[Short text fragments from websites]
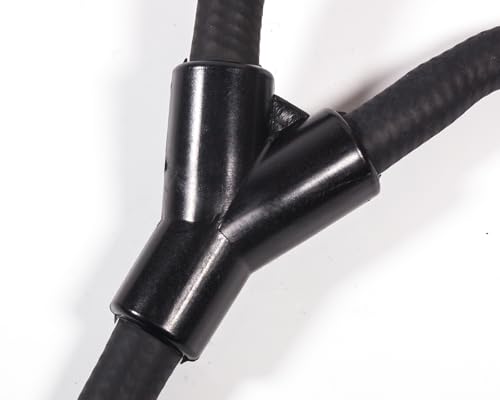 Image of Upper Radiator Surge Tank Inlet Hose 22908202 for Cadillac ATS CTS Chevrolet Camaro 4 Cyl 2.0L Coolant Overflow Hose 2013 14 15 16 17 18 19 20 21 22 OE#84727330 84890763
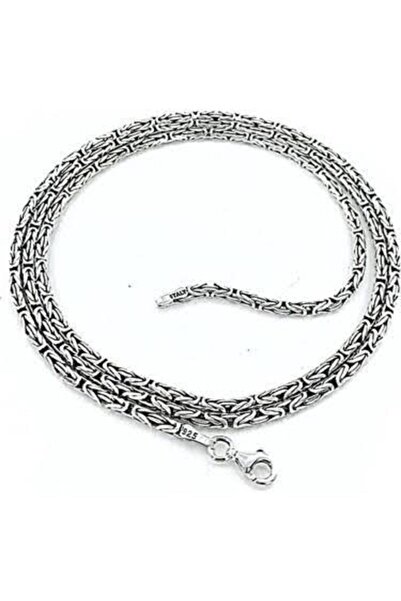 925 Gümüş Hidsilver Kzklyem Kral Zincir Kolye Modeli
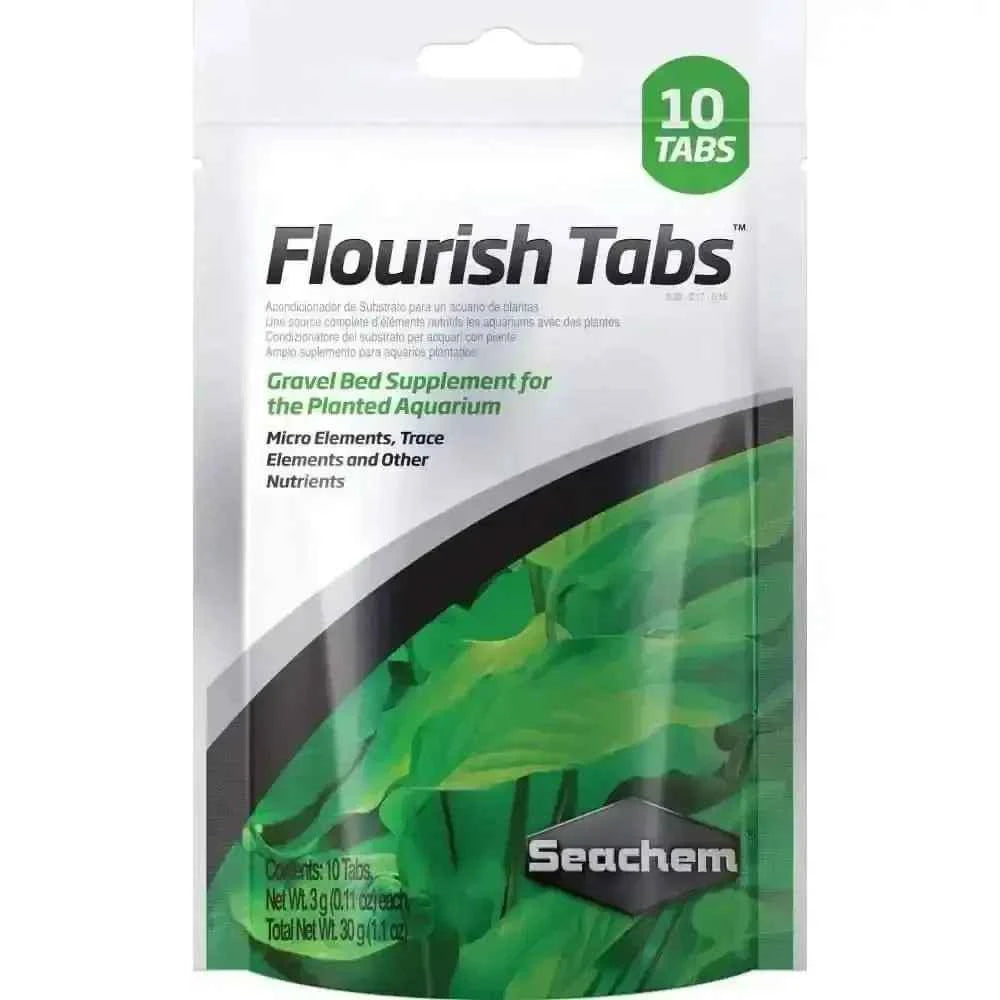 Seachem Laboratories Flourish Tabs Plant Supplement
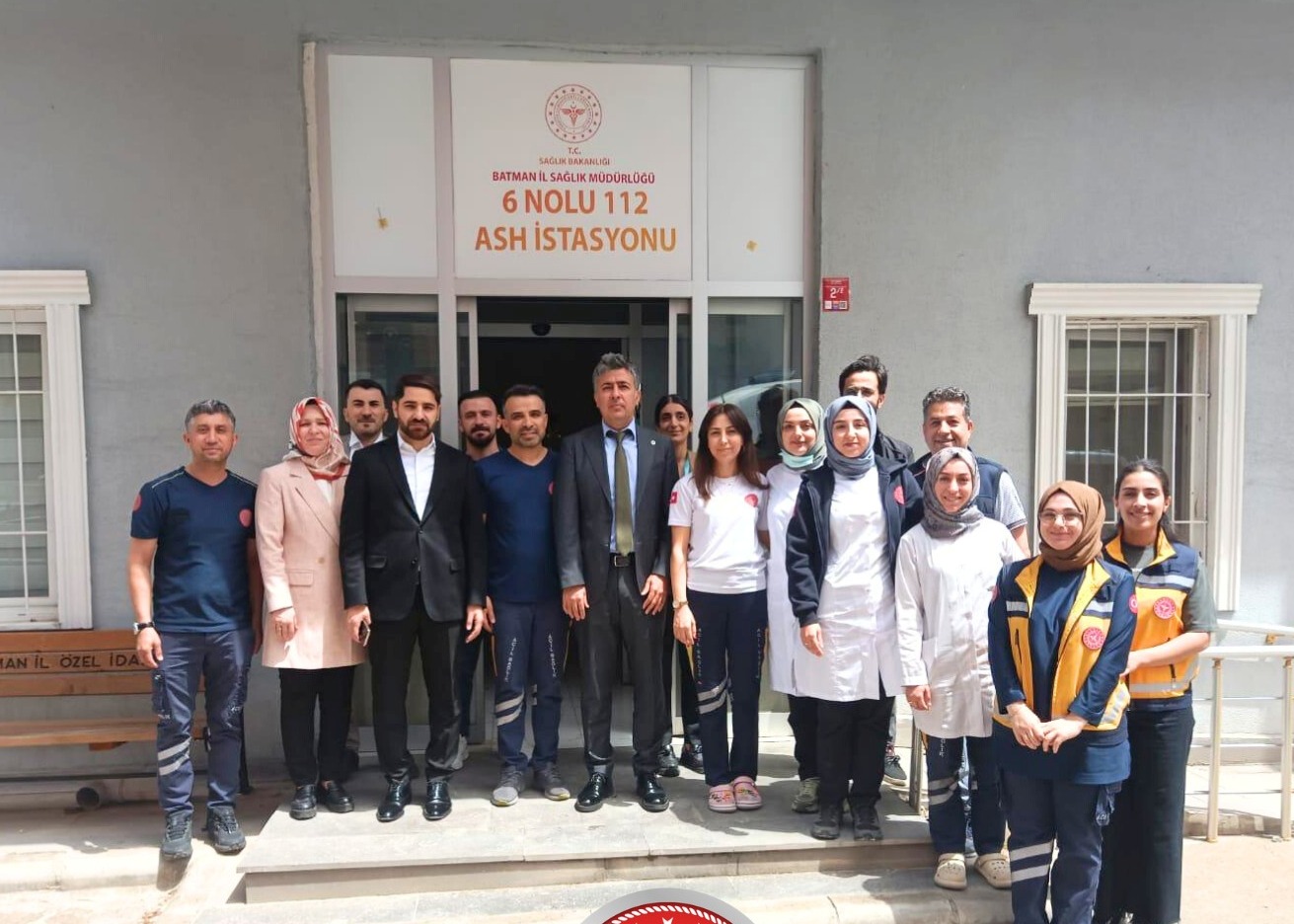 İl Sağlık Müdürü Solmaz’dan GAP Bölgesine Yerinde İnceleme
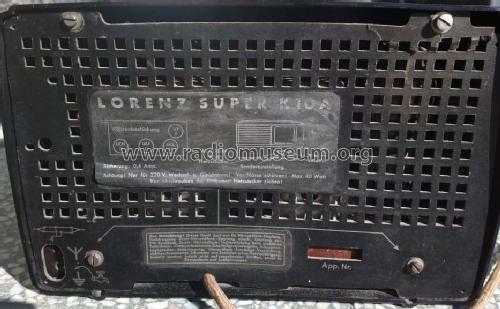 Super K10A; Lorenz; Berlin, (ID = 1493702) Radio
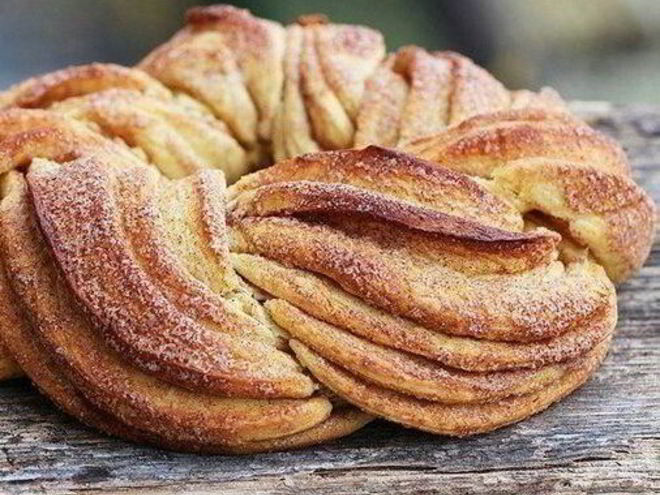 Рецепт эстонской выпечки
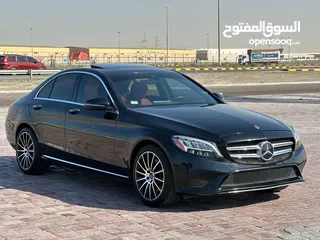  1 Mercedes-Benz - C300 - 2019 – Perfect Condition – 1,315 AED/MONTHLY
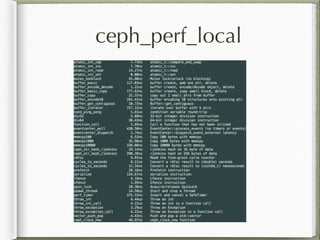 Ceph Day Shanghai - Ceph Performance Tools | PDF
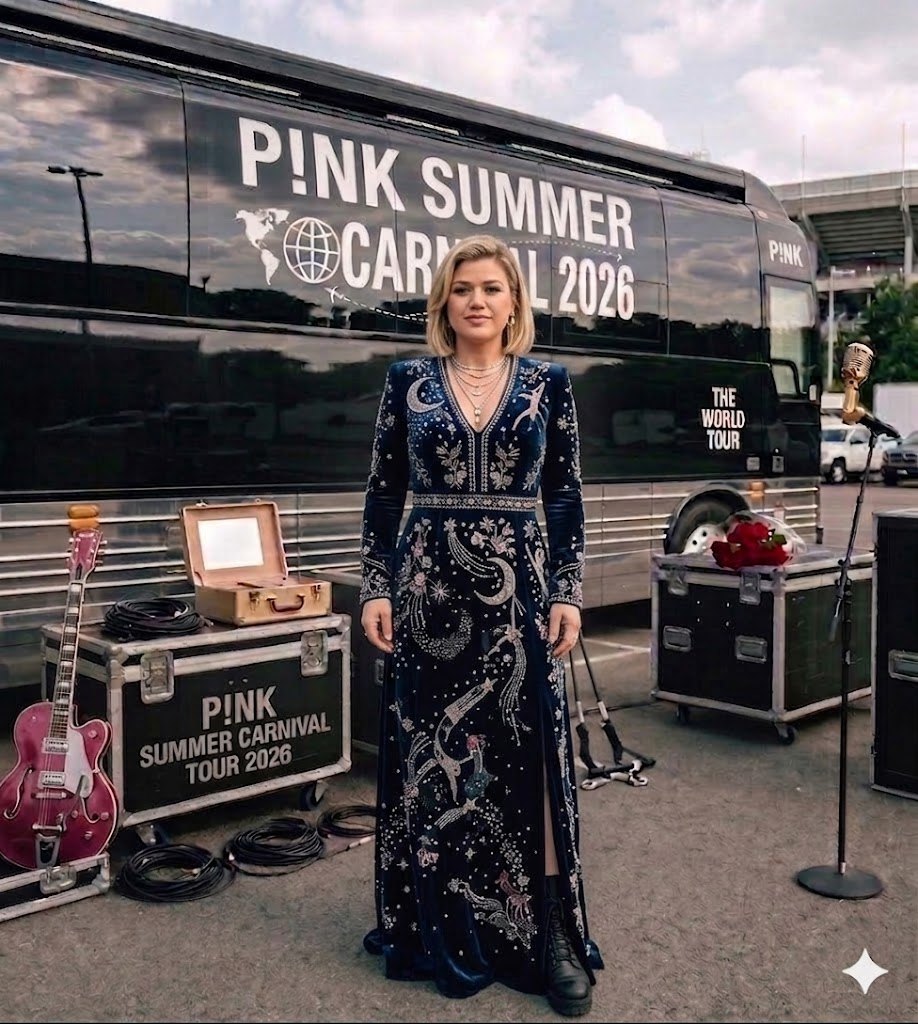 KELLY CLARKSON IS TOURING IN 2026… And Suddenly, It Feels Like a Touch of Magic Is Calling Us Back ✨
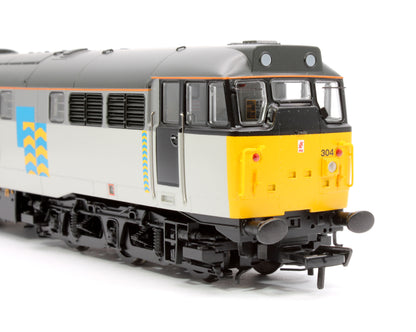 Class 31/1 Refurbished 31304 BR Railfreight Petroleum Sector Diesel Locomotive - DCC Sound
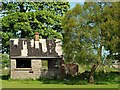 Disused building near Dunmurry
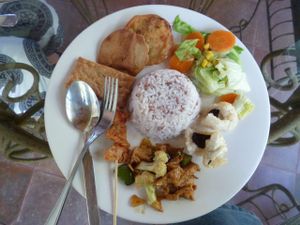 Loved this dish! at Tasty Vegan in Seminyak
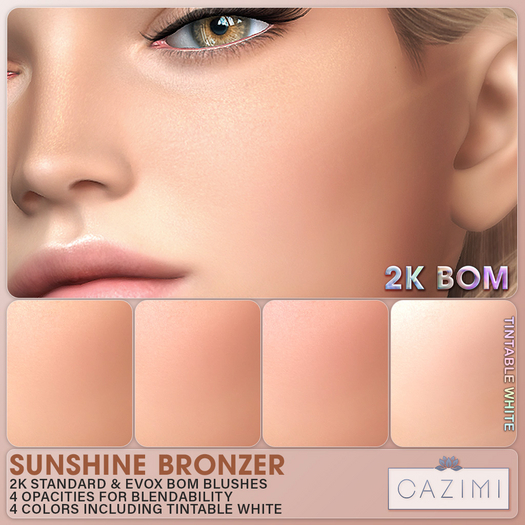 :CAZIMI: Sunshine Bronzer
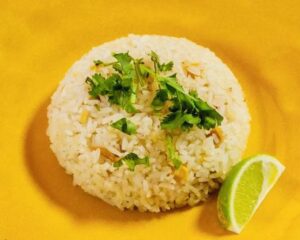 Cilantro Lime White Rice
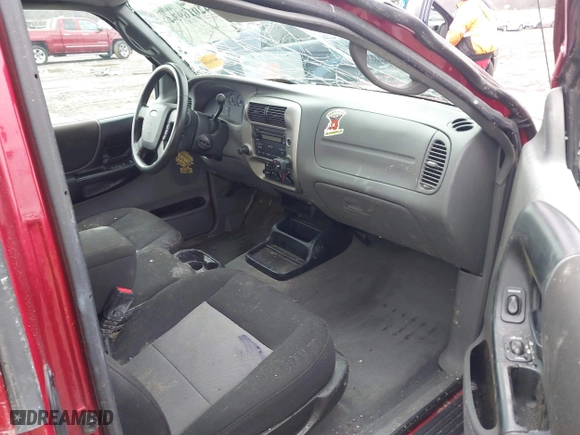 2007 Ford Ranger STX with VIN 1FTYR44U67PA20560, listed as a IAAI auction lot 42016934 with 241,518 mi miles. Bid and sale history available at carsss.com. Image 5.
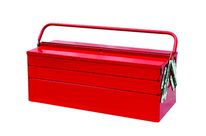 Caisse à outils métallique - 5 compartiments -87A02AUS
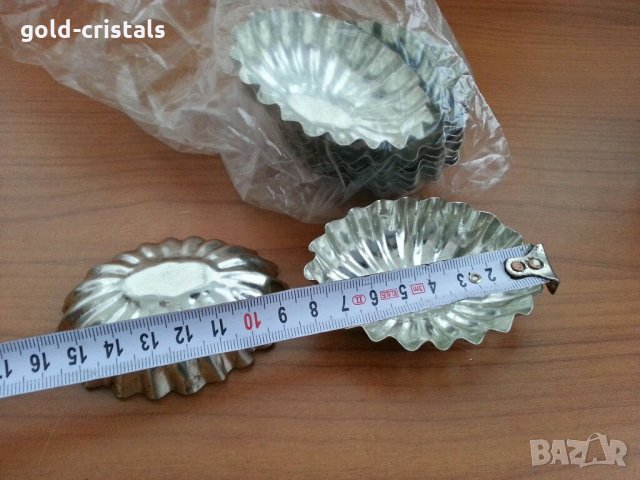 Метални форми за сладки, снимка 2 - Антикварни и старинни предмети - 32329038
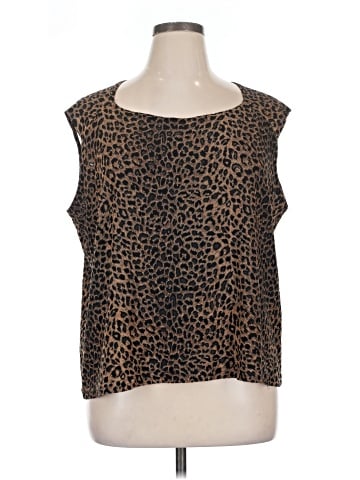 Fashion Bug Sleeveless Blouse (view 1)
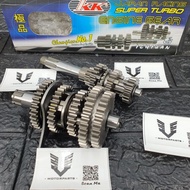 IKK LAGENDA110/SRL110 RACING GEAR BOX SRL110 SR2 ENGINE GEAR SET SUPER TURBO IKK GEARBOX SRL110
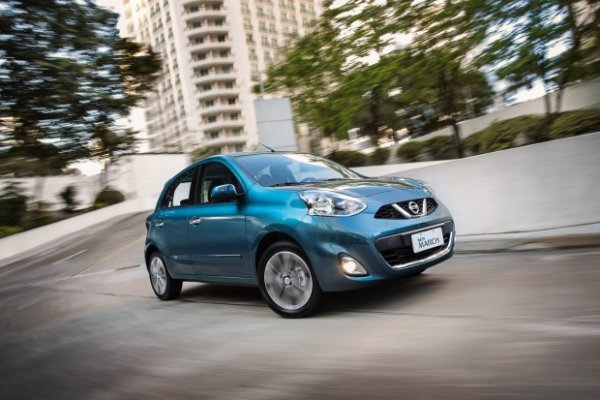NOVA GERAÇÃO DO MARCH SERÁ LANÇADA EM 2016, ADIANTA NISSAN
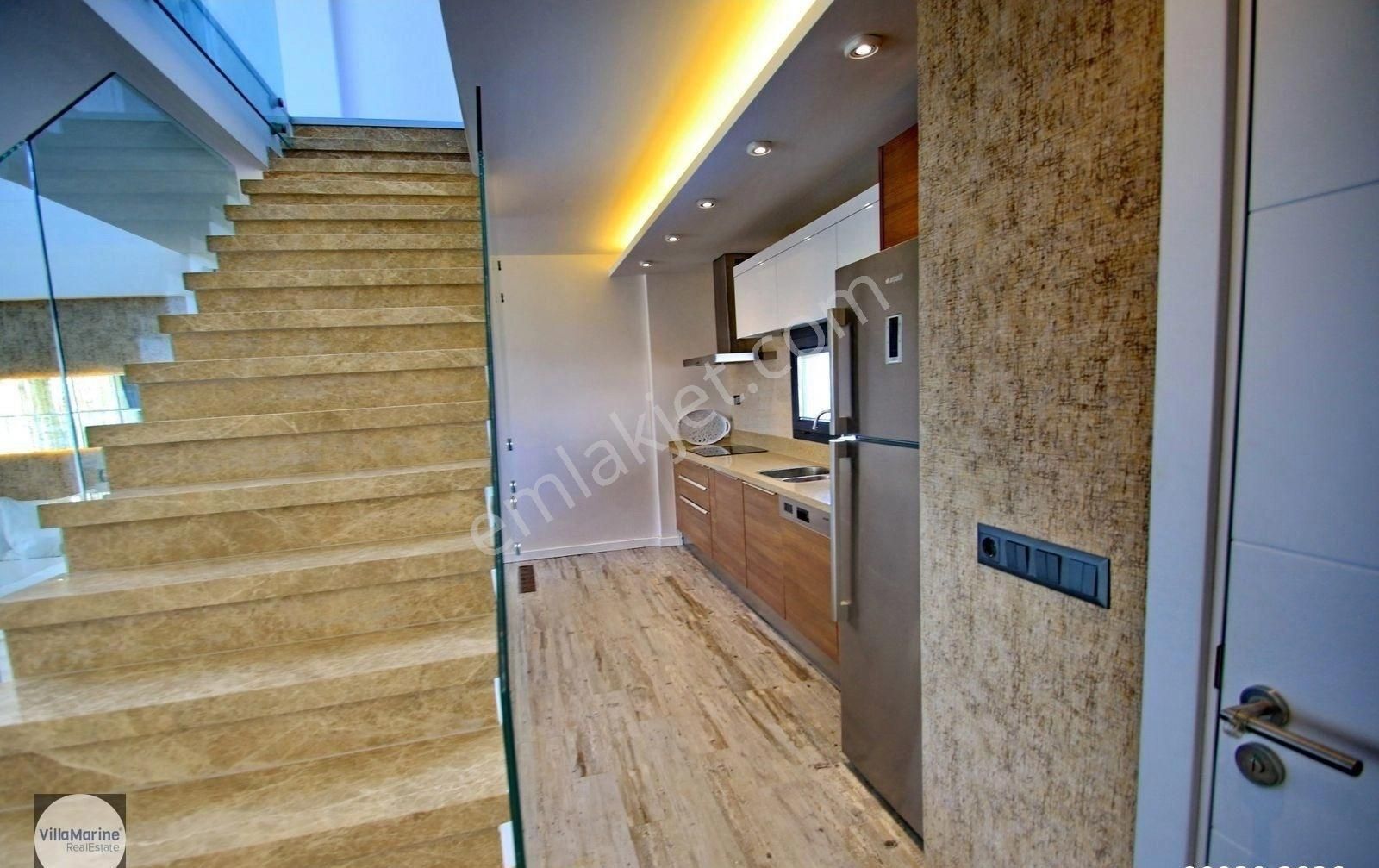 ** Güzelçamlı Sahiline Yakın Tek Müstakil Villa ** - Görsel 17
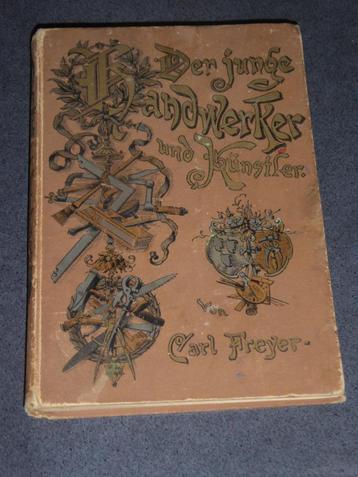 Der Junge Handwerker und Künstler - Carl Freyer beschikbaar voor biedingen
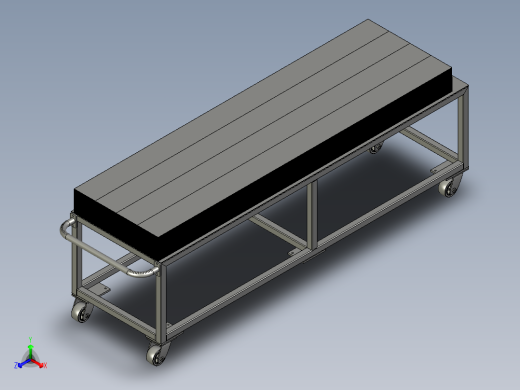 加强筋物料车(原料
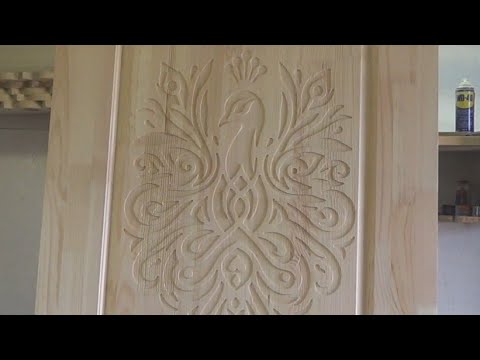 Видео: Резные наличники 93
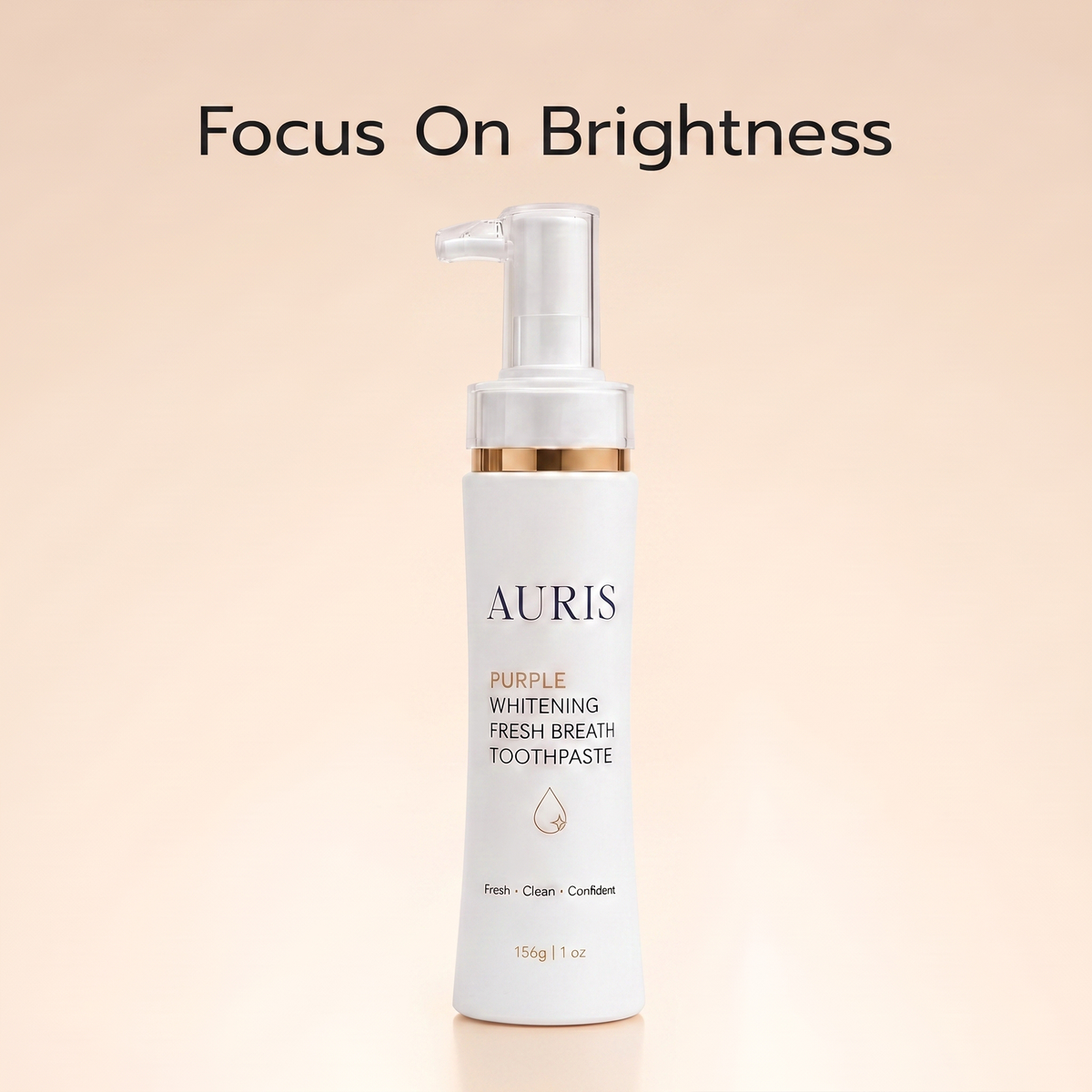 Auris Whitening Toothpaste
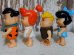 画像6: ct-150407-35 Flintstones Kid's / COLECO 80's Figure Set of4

## Directions
Only the lines above starting with the line with "Рецепт эстонской выпечки" and going on through the line with "KELLY CLARKSON IS" belong in the answer; repeat them exactly, minus any picture.

## Answer box
 Рецепт эстонской выпечки
  1 Mercedes-Benz - C300 - 2019 – Perfect Condition – 1,315 AED/MONTHLY
 Ceph Day Shanghai - Ceph Performance Tools | PDF
 KELLY CLARKSON IS TOURING IN 2026… And Suddenly, It Feels Like a Touch of Magic Is Calling Us Back ✨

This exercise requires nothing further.